# Task to carry out
Output, exactly and in full, only the lines from the one containing "Asztal Oakland 545, Aranysárga, Fehér" to the last line of the data. Pictures should not appear.

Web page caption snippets

-- -- --

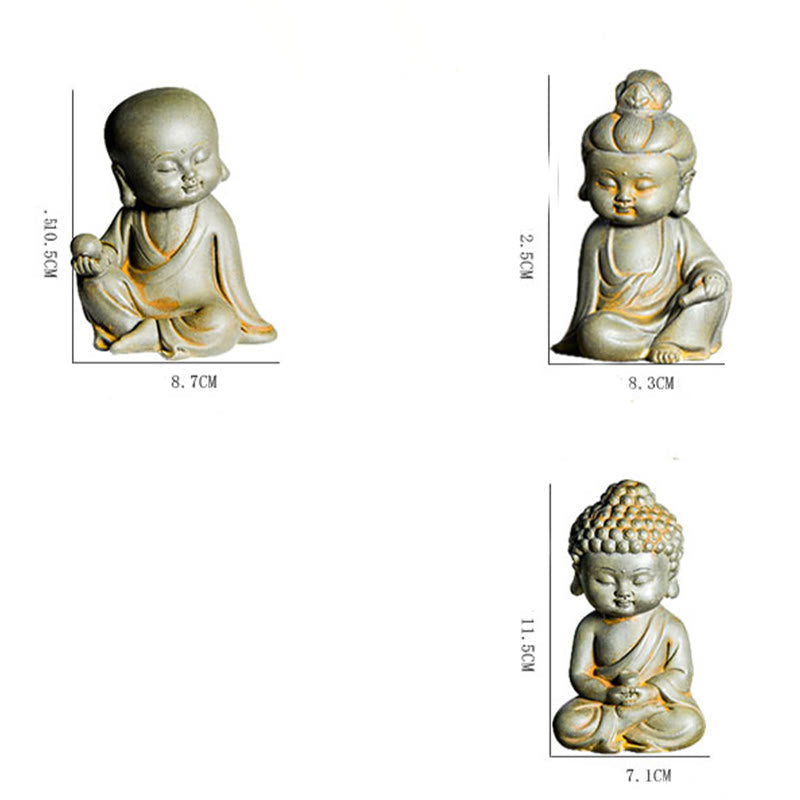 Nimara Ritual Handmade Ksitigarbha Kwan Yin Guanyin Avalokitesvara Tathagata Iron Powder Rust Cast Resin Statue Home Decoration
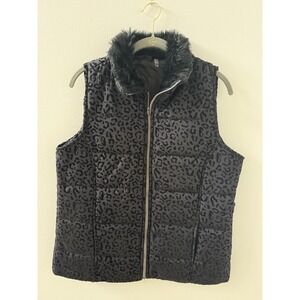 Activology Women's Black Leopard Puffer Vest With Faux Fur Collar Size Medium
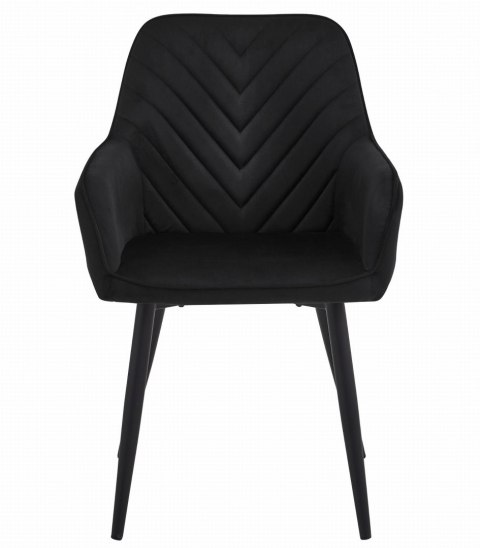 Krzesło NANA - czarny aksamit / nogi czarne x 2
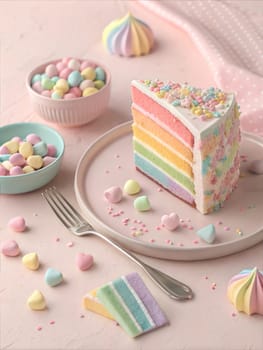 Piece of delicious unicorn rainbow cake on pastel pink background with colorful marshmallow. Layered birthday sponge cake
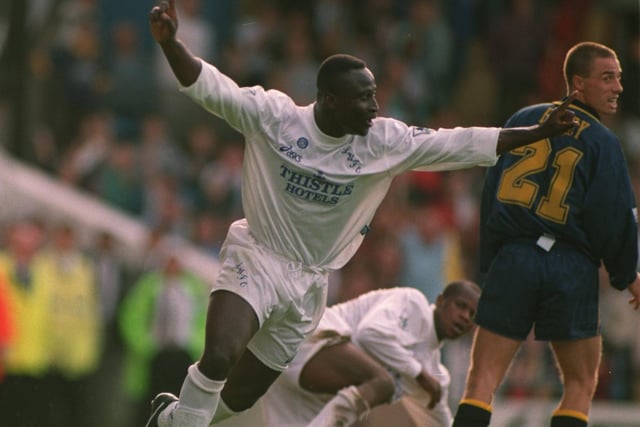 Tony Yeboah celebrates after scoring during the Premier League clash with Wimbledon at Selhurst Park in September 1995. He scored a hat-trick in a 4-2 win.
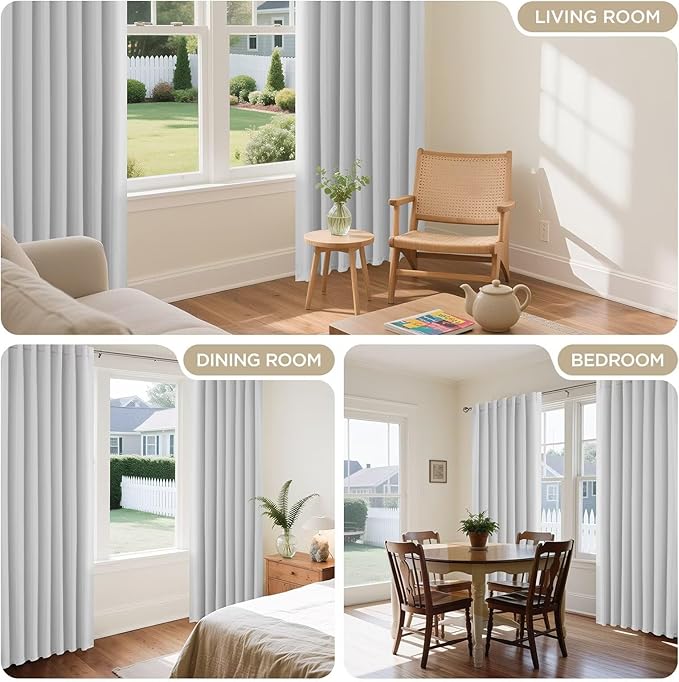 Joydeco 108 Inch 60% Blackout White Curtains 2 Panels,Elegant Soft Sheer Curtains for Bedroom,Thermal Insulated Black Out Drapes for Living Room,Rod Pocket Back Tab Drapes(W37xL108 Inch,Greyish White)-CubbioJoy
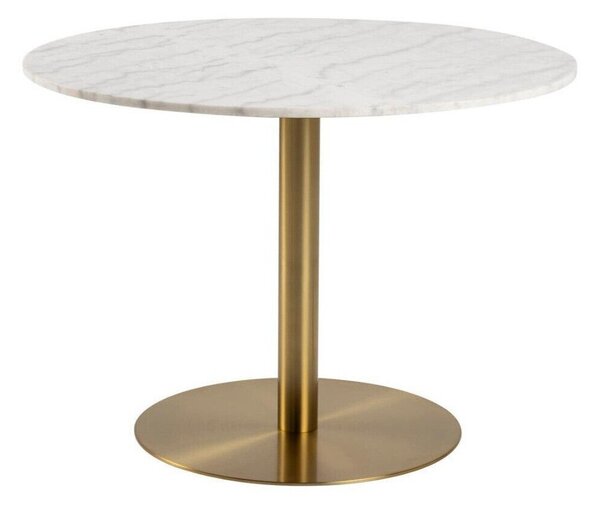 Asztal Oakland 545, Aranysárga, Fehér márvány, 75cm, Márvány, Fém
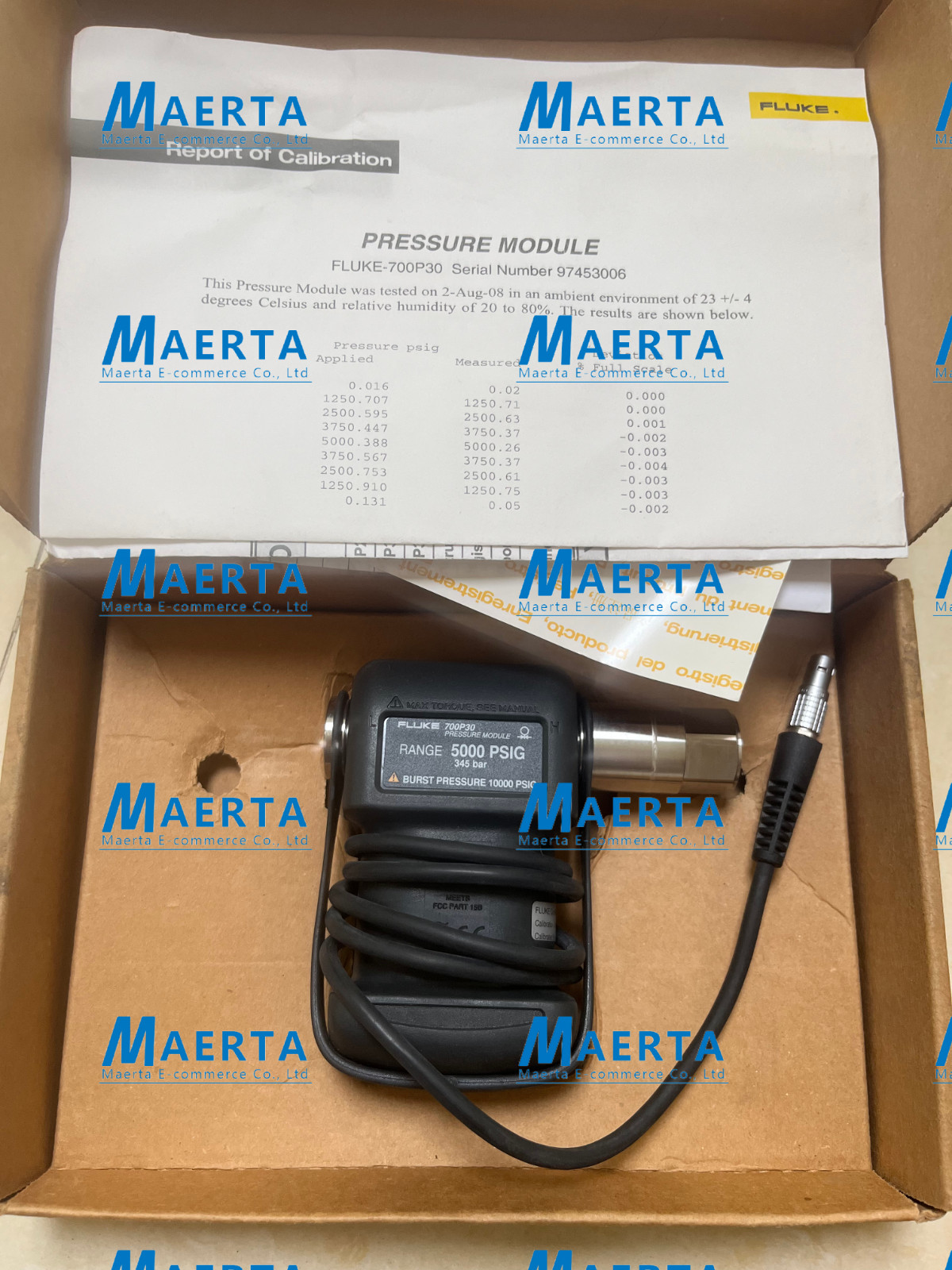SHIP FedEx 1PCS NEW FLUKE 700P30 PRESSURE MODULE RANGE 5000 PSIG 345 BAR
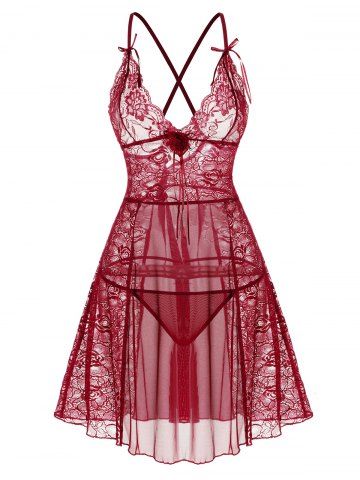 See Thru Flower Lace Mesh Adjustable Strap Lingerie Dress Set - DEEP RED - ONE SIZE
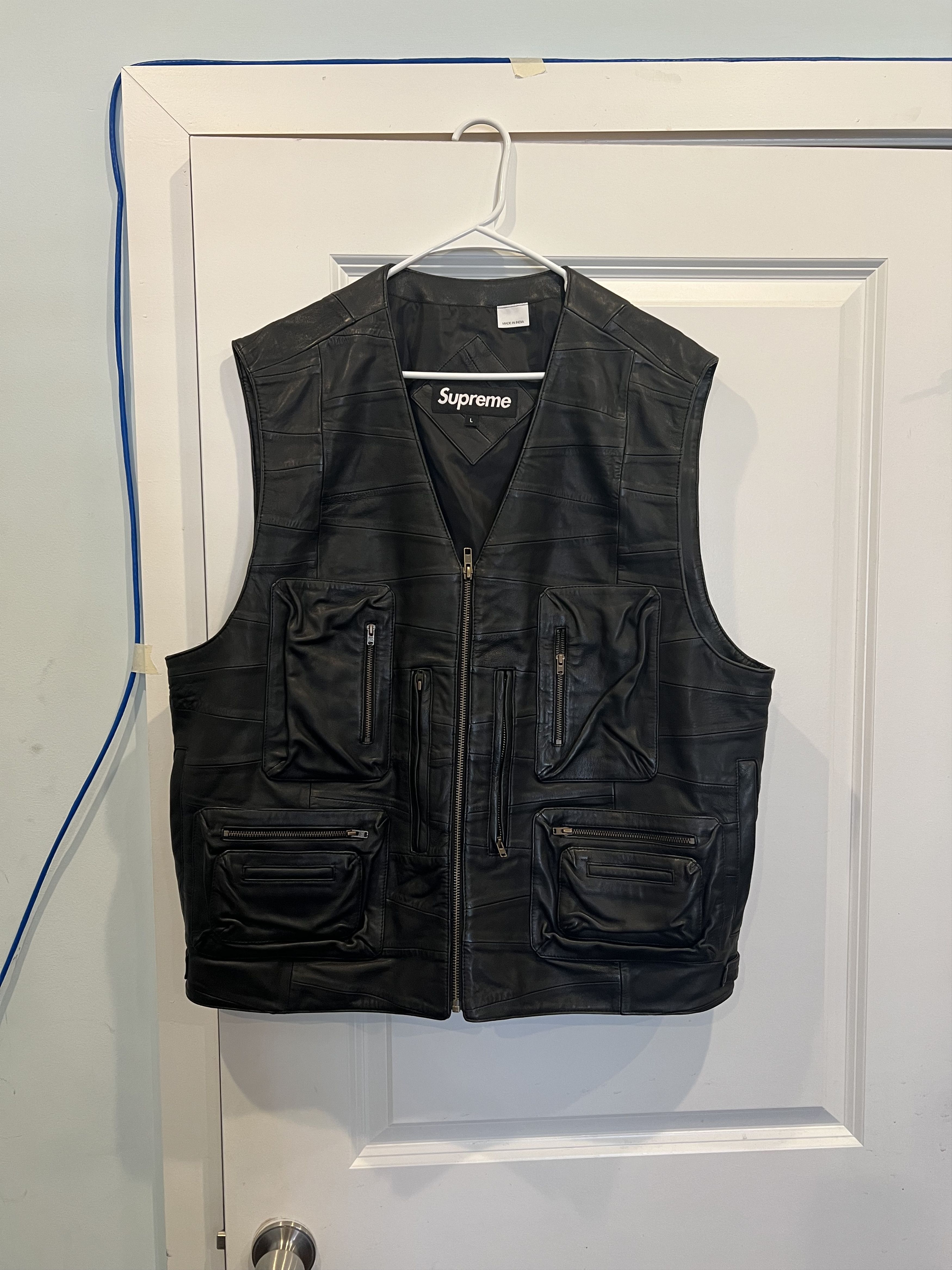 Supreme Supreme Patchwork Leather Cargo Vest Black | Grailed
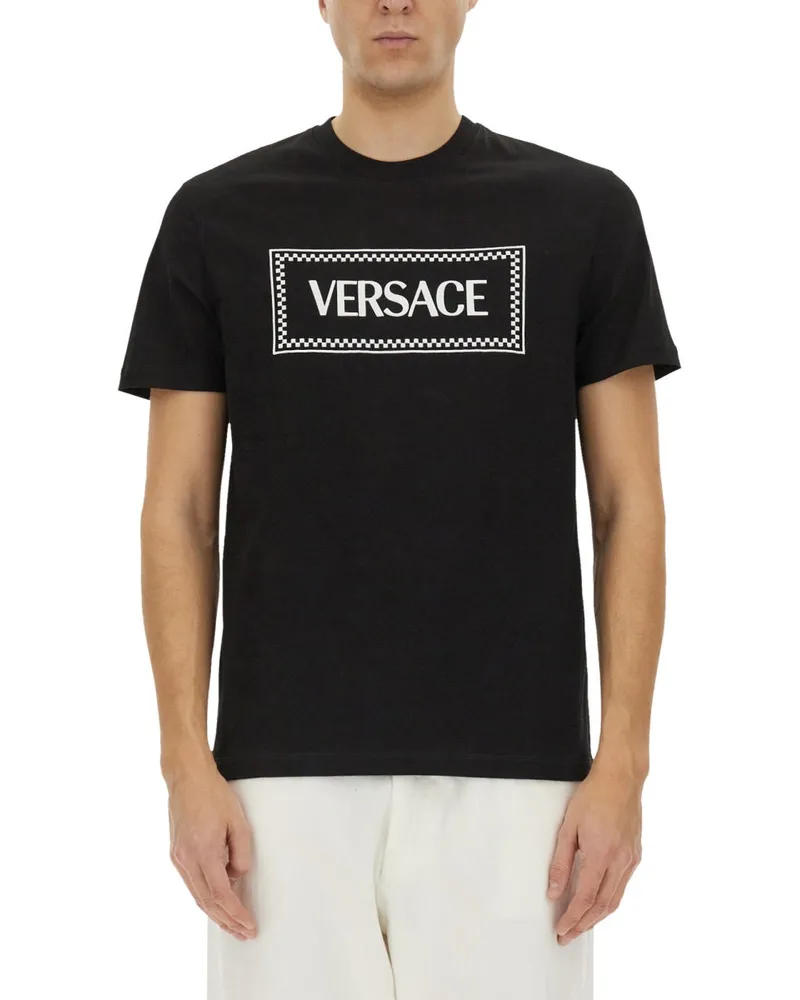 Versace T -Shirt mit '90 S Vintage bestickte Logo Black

-- -- --

# Result
 Asztal Oakland 545, Aranysárga, Fehér márvány, 75cm, Márvány, Fém
SHIP FedEx 1PCS NEW FLUKE 700P30 PRESSURE MODULE RANGE 5000 PSIG 345 BAR
 See Thru Flower Lace Mesh Adjustable Strap Lingerie Dress Set - DEEP RED - ONE SIZE
 Supreme Supreme Patchwork Leather Cargo Vest Black | Grailed
 Versace T -Shirt mit '90 S Vintage bestickte Logo Black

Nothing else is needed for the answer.